The Identity Problem Behind Exposed Secret Detection

Most exposed secrets are exposed long before they're discovered. A long-lived AWS access key pasted into a .env.local for "five minutes of debugging" in 2022 is still there in 2026\. A GitHub personal access token committed to a private repo, then deleted with git rm, is still recoverable from the git history. A Salesforce-issued OAuth token that a contractor authorized for a third-party analytics app is still active long after the contractor left.

Enterprises now run 45 to 82 non-human identities per human, growing 300–500% annually wherever agentic AI is deployed. Every one of those identities consumes credentials. The credentials end up everywhere their consumers go: source code, build environments, container images, Kubernetes secret objects, Terraform state files in S3, ChatOps messages, Confluence onboarding pages, internal wikis, support tickets, AI agent context windows. There is no single perimeter where secret exposure lives.

The traditional way to find exposed secrets is to scan for regex matches against known credential formats, AKIA*, ghp_*, xoxb-*. That catches the obvious cases. It misses everything that doesn't pattern-match cleanly: base64-encoded Kubernetes secrets that wrap arbitrary opaque values, custom OAuth tokens with no fixed prefix, JWTs that look identical to a thousand harmless strings. And even when the scanner finds a hit, it produces a string, not an answer to whose key is this, what does it reach, and what breaks if we revoke it?

Detection without identity context is noise. Detection with identity context is action.

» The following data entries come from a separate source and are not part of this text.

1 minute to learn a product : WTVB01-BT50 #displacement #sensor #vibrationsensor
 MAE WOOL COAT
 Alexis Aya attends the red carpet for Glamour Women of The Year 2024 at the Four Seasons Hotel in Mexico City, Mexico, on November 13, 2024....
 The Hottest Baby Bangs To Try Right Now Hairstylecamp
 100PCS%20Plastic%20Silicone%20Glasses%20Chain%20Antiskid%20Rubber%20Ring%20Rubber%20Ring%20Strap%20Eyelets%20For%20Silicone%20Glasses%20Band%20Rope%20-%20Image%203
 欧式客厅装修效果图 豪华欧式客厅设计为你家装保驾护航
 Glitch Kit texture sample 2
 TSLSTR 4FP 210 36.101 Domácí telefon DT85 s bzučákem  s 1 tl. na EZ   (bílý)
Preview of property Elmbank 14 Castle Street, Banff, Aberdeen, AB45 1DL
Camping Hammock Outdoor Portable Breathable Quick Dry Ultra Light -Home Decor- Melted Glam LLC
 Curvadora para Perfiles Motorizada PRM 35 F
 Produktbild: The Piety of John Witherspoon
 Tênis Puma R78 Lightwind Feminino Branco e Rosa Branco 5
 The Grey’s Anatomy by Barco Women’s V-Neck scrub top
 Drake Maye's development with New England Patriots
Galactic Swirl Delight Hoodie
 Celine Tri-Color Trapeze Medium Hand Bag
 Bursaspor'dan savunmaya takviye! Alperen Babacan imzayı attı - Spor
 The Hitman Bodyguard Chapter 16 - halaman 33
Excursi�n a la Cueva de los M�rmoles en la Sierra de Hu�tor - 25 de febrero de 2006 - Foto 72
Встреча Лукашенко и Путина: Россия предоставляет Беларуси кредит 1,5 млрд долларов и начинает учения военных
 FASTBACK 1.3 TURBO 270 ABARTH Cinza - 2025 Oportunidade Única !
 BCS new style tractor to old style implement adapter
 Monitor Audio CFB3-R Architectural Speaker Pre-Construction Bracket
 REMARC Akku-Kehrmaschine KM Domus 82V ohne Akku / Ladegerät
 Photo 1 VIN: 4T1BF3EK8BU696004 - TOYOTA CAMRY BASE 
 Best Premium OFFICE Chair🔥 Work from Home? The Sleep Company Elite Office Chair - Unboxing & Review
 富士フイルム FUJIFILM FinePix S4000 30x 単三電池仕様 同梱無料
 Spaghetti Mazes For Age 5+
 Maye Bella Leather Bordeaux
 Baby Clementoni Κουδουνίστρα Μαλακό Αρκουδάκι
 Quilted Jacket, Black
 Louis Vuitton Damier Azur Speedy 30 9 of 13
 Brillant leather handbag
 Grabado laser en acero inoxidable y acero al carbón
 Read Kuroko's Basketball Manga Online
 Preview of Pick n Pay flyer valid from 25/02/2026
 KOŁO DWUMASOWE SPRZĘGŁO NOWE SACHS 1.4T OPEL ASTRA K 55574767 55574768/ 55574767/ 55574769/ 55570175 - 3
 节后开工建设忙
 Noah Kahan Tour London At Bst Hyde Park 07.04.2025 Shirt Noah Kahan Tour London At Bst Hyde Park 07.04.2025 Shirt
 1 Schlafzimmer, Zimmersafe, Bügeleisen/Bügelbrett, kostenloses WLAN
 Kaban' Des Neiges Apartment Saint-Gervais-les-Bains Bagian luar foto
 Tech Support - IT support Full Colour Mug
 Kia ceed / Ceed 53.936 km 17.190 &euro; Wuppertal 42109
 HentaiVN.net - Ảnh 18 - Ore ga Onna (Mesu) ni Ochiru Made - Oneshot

Why Traditional Approaches Fall Short

Regex-based scanners do exactly what they say. They search code for known patterns and report matches. They're useful at the surface, and they catch real leaks every day. But regex scanners cannot tell you whether the matched string is in active use, whether it was rotated three years ago, whether it has read access to production, or whether the same secret is mirrored in HashiCorp Vault under a different name. They produce a CSV of hits. The security team is left to do the actual identity work.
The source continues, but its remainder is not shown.